Morsi’s key mistake was in equating a narrow electoral victory with what he called “constitutional legitimacy,” as if elections alone were sufficient to ensure the regime’s acceptance in the face of policies that were wildly unpopular even among his supporters.
It remains to be seen if the current caretaker government, composed mostly of technocrats who, one hopes, possess adequate administrative skills as opposed to simple-minded ideological constancy, can right the listing economy. Twelve billion dollars just pledged by Saudi Arabia, Kuwait and the UAE will help to ease the immediate burdens of the state.
Ironically, it may also contribute to a fundamental problem plaguing other societies in the region, namely accountability to the people. Governments that don’t rely on their citizens except at election time do not enjoy political legitimacy. Simply put, elections alone are not the end-all of a social contract between state and citizen. Note the nervousness in Ankara and Tehran about the turn of events in Egypt.

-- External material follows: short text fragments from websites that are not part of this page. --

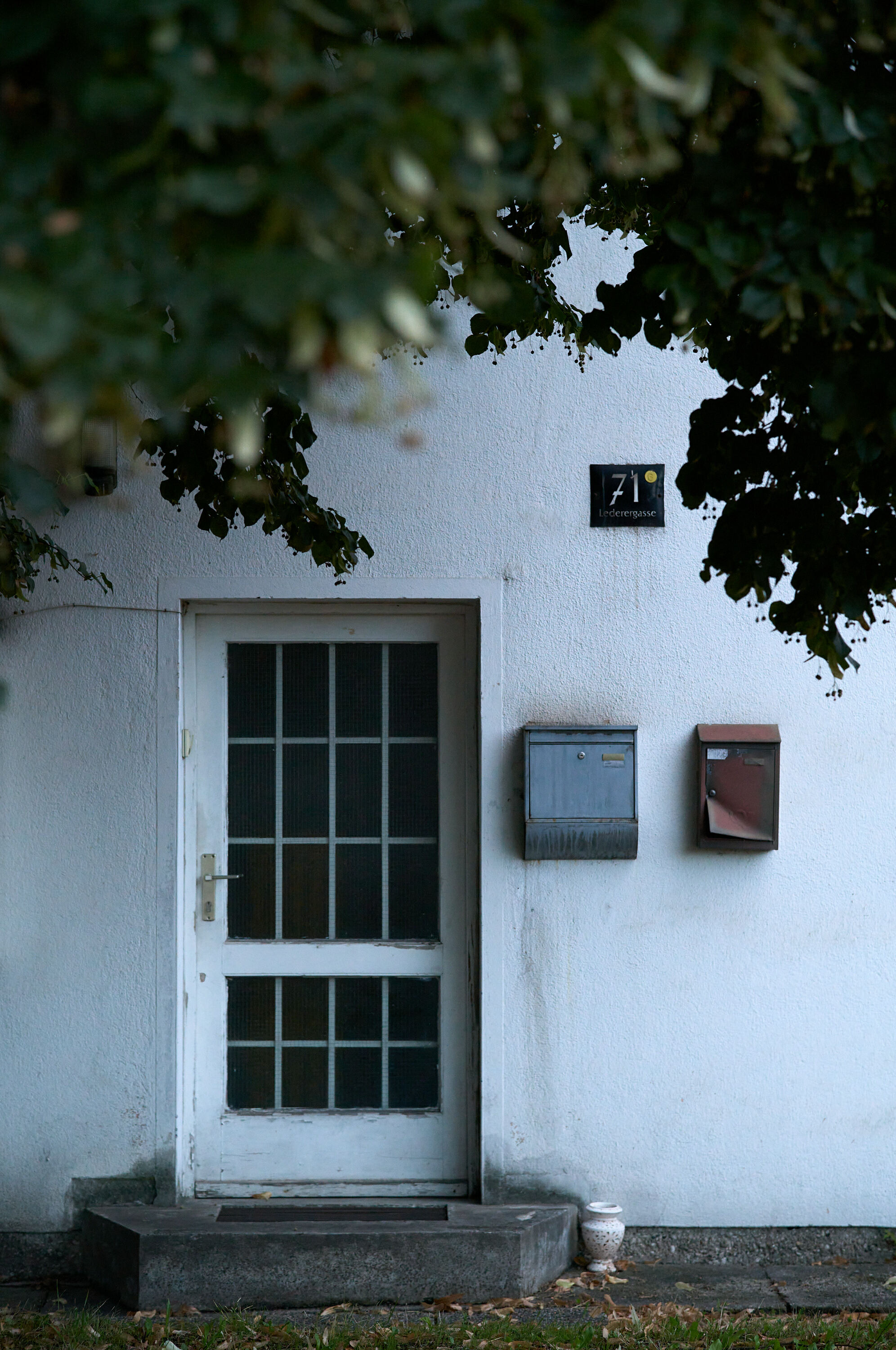 Leica Camera AG LEICA M11 P L1003490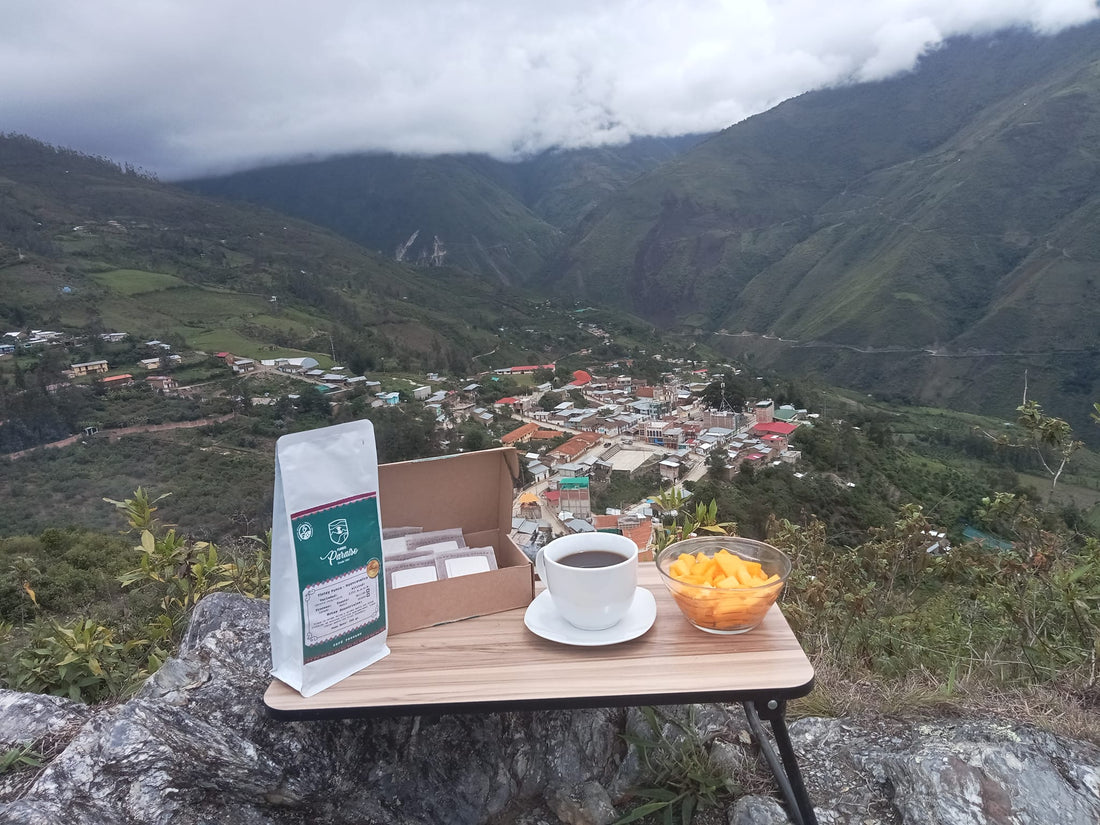 CAFE MOLIDO FUNDO PARAISO TINTAYPUNCO FILTRANTES INDIVIDUALES X6
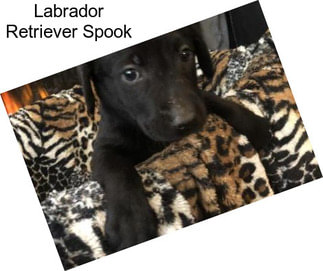 Labrador Retriever Spook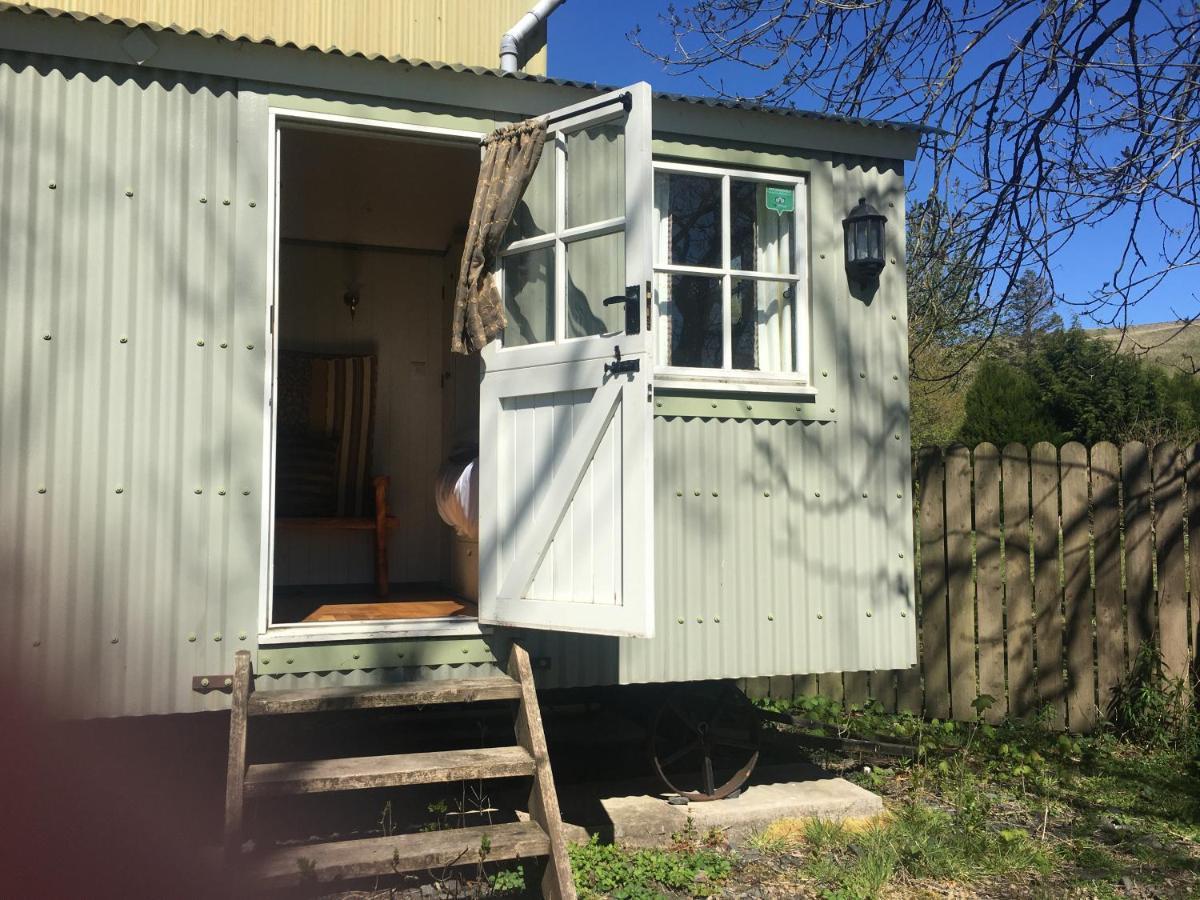 Posh Huts Farmstay Falstone Zewnętrze zdjęcie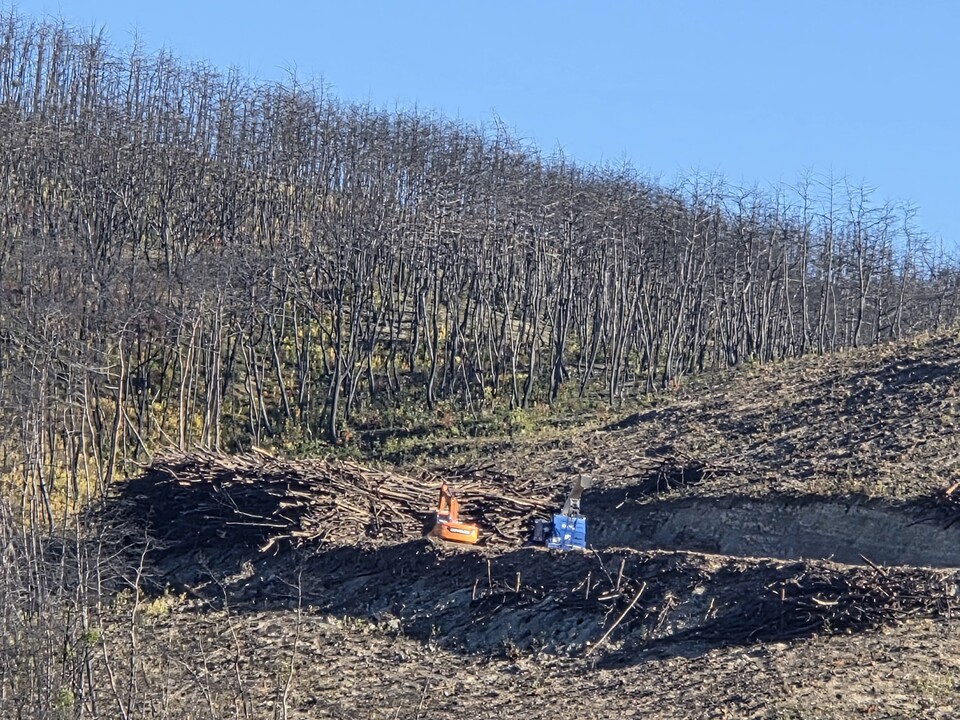 벌목 현장. (사진 그린피스 제공)/뉴스펭귄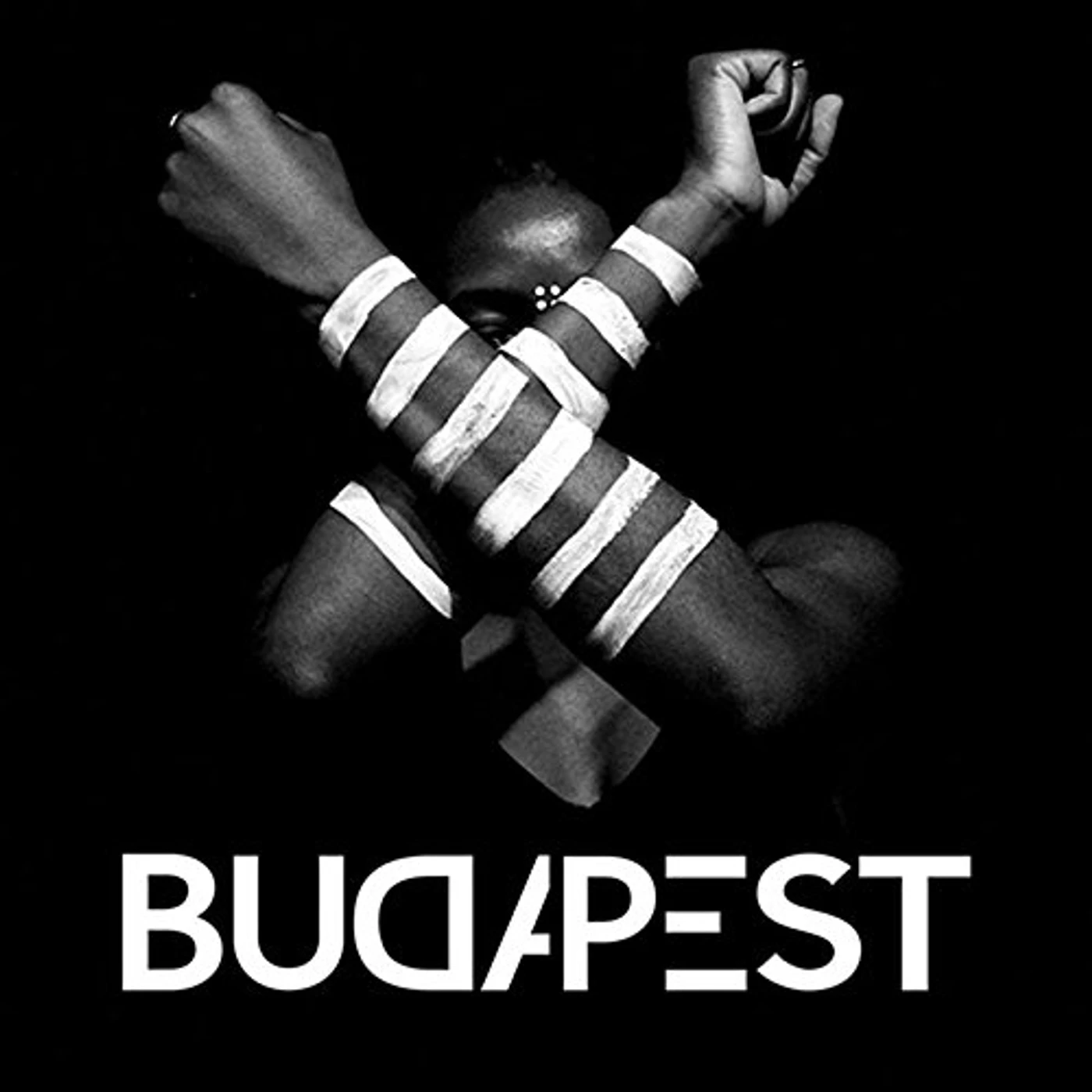 Budapest Alcaline Vinyl Record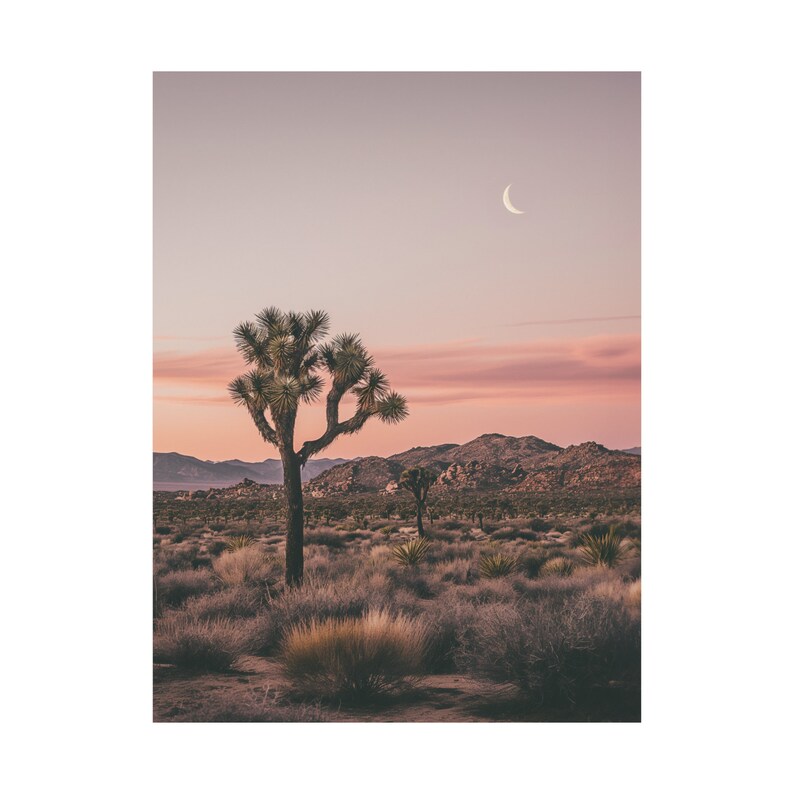 Joshua Tree Desert Poster, Sunset Desert Landscape Poster, Joshua Tree Art Print, Boho Room Decor, Boho Wall Art image 4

If a state sits on vast resources, as does Saudi Arabia, it can buy what it needs, including the acquiescence of a well-fed public. But Egypt is vastly different from its wealthy neighbor. It must institute sound economic policies that will attract foreign investment, revitalize the domestic economy, and generate the tax revenue necessary to underwrite the provision of basic services.
This is one tall order, and if history is any guide, the next government, whether appointed or elected, will be hard-pressed to turn matters around in dramatic fashion, which could risk further political turmoil. There will be more bread and more petrol in the short run to be sure, but don’t expect an economic miracle anytime soon.